Claire Castillon publie son recueil de nouvelles L’œil : « Ça se mérite une relation humaine »
À l’heure où une grande majorité d’écrivains ont quitté le rivage de la littérature pour naviguer en père peinard sur le radeau d’un genre moins exigeant, il est heureux de constater que certains d’entre eux résistent à l’appel de la facilité. C’est le cas de Claire Castillon.
Dans son œuvre au style unique qui regroupe des nouvelles, des romans pour grands et petits, que peut-on constater ? Tout bonnement qu’il n’y a rien à jeter ! Claire Castillon nous revient en ce printemps avec un recueil de nouvelles. Un domaine dans lequel elle excelle. Les nouvelles, c’est vraiment son truc. Depuis Insecte et On n’empêche pas un petit cœur d’aimer, Claire Castillon nous surprend à chaque publication. Avec son dernier recueil L’œil, l’écrivaine hausse une fois de plus son jeu d’écriture.

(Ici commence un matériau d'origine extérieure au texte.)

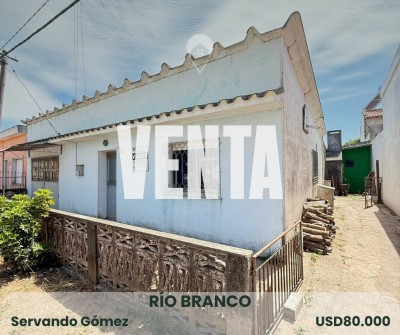 Casas en Venta en Servando Gómez, Río Branco, Cerro Largo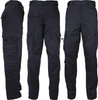 Uniform Cargo Pants 9 Pocket Work Pants for EMT EMS Police Security Utility Poly Cotton Adjustable Fit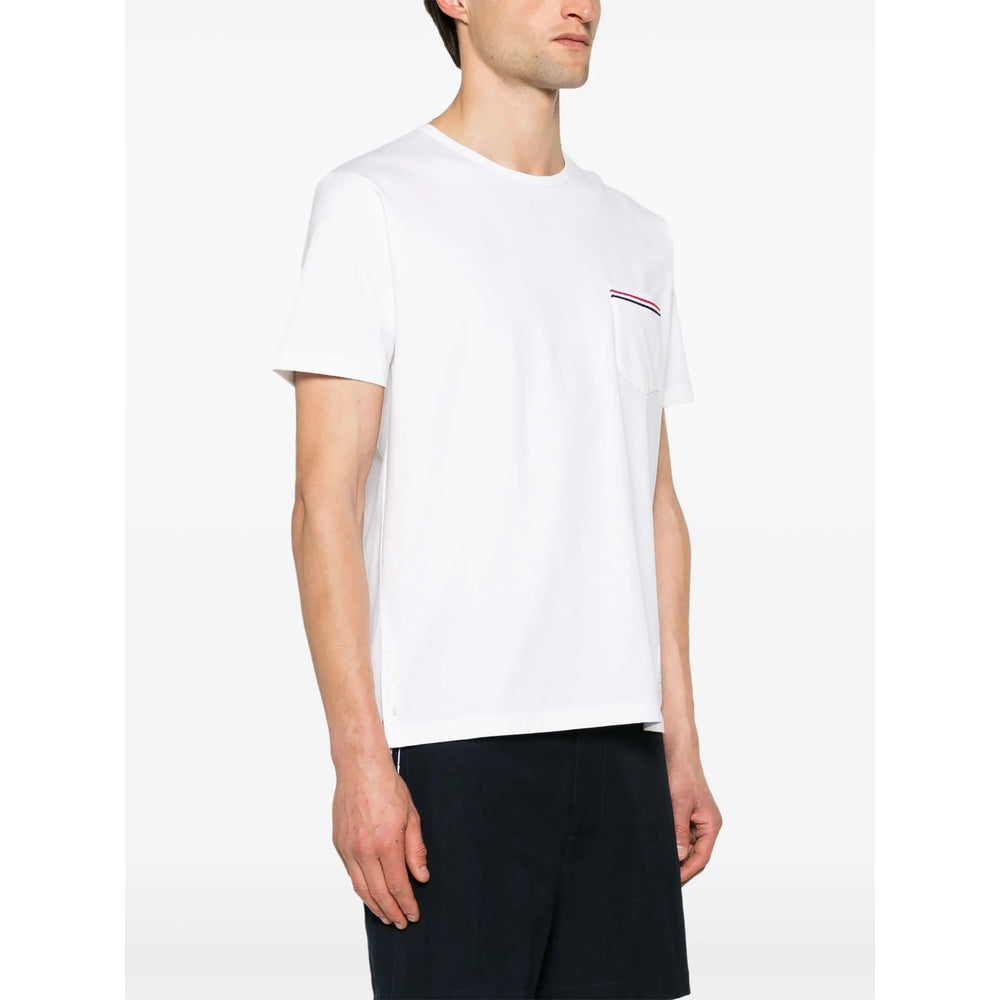Thom Browne White T-Shirts & Vests - T-Shirts Men THOM BROWNE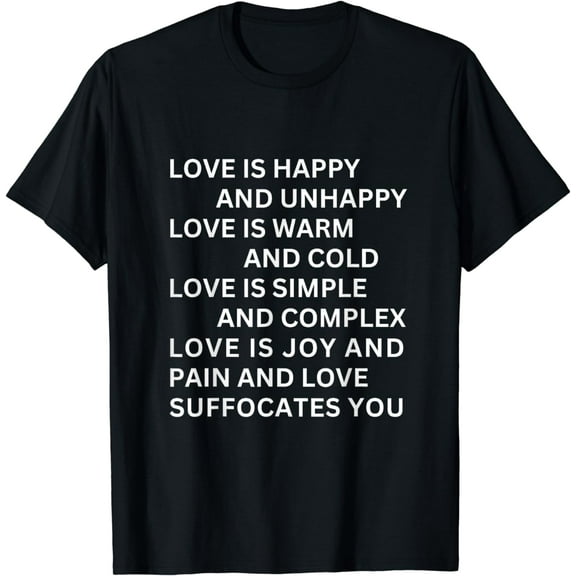 Love Funny Creative Graphic T-Shirt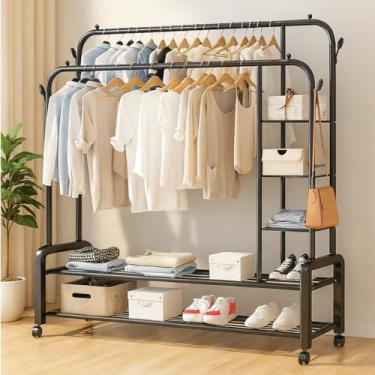 Imagem de Arara Cabideiro Closet em aço com Ganchos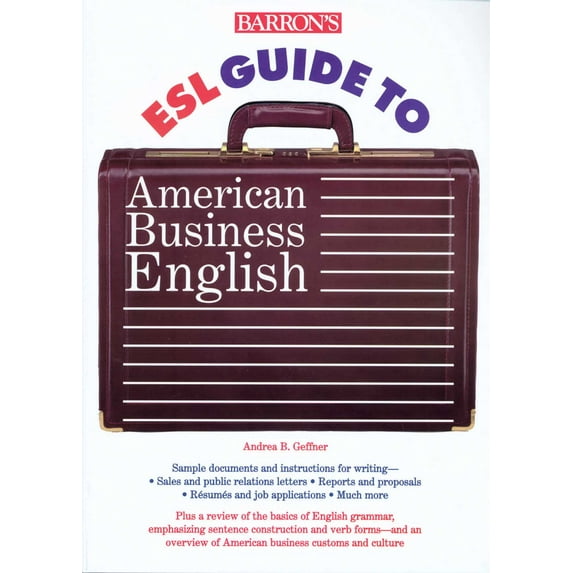 Barron's ESL Proficiency: ESL Guide to American Business English (Paperback)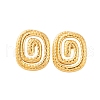 Ion Plating(IP) 304 Stainless Steel Stud Earrings for Women EJEW-P279-46G-1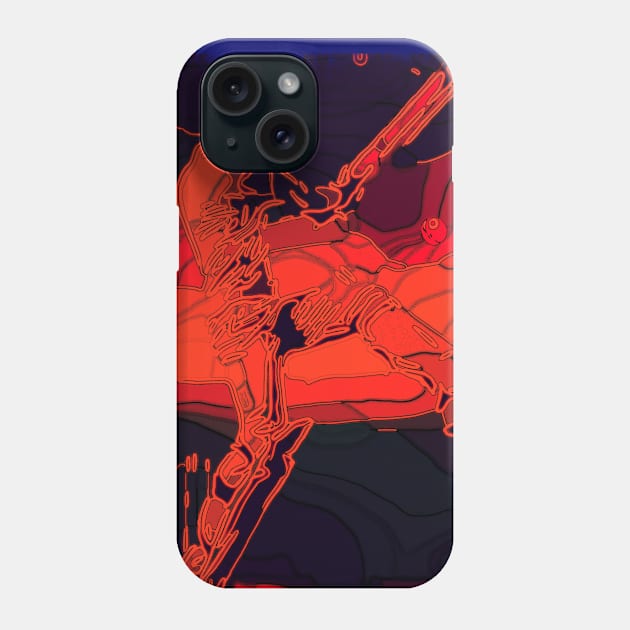 World Cup Cricket Batsman red Phone Case by FasBytes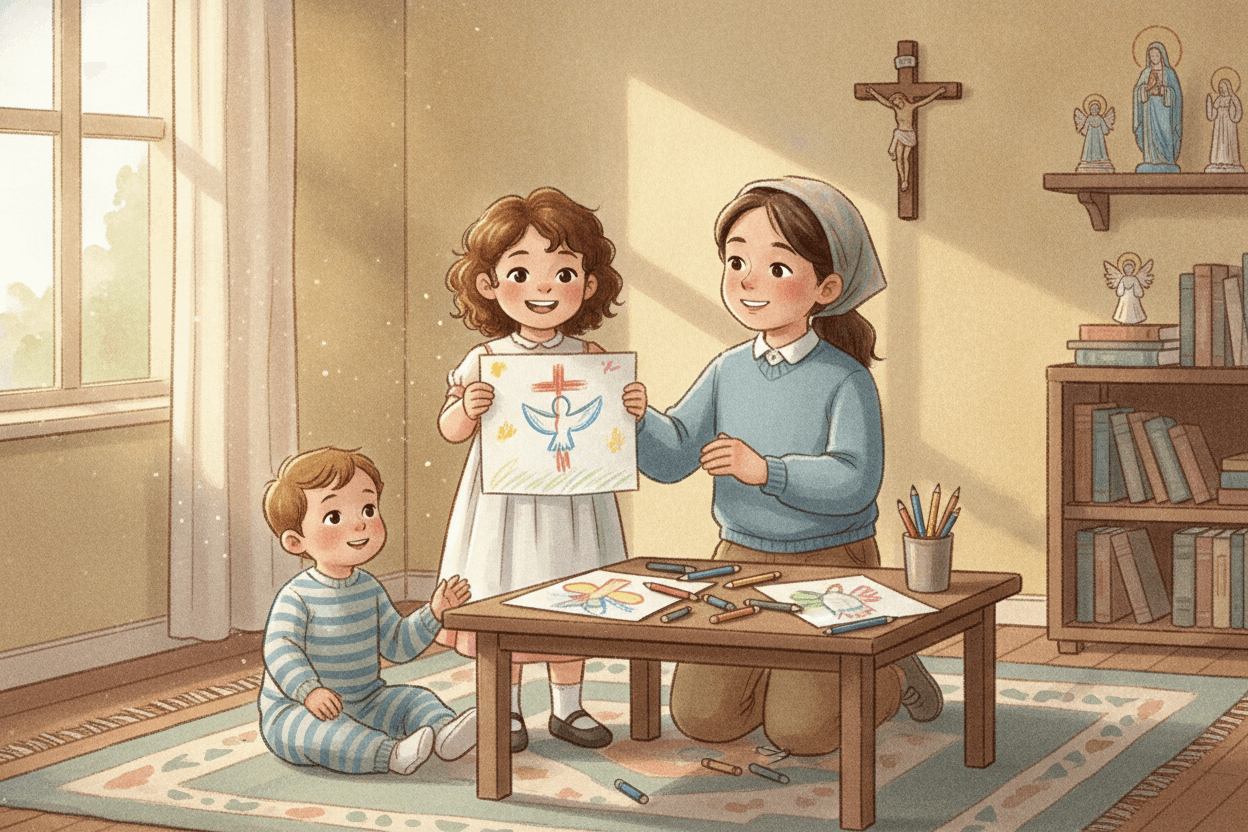 The Moment a Child Says, “I Did It All by Myself” — illustration for BibleHeroes blog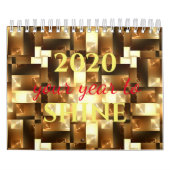 Calendrier Parties scintillant motivationnelle Typographie Be (Protection)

Chacune de ces nouvelles maîtrisées à merveille nous enferme dans une histoire tirée d’un imaginaire fécond. Le talent de Claire Castillon réside, entre autres, dans sa faculté à plonger dans des univers, où l’ordinaire sans intérêt prend un sens nouveau. C’est ce que l’on constate avec en introduction l’excellent texte "Madame Gueune". Une bonne mise en bouche avant de partir pour un voyage rempli de surprises.
Ce qui est incroyable avec Claire Castillon, c’est sa manière de jouer avec la banalité des situations. Chacune des nouvelles que l’auteure nous conte est un petit bijou d’écriture. Mine de rien, elle nous transporte dans ses histoires inattendues et souvent déconcertantes. Que ce soit une envie de rupture, une simple location de maison, l’usure d’un couple, tout passe par son filtre qui donne une résonance si particulière à chaque événement évoqué. Pour ne pas perdre ses lecteurs, la romancière a la gentillesse, voire la politesse, de les ramener sur terre avec une annexe qui termine chacune de ses nouvelles. Il y a également des moments exceptionnels d’écriture et d’ingéniosité littéraire comme "Ma vraie peau", un texte brillant comme on en lit si peu.
Au final, Claire Castillon parvient à réunir dans ces petites histoires l’univers tout entier. Elle sait regarder dans la peau, au cœur de la solitude des hommes et plonger dans les endroits secrets, les mémoires. Elle éclaire les parts sombres, l’incompréhension, les paradoxes. Claire Castillon est notre meilleure écrivaine. On ne le dira jamais assez !
Pascal Hébert
L’œil, de Claire Castillon, édition Gallimard, 182 pages, 19 €.
Interview de Claire Castillon : « Je ne vois pas l’ordinaire comme quelque chose de normal »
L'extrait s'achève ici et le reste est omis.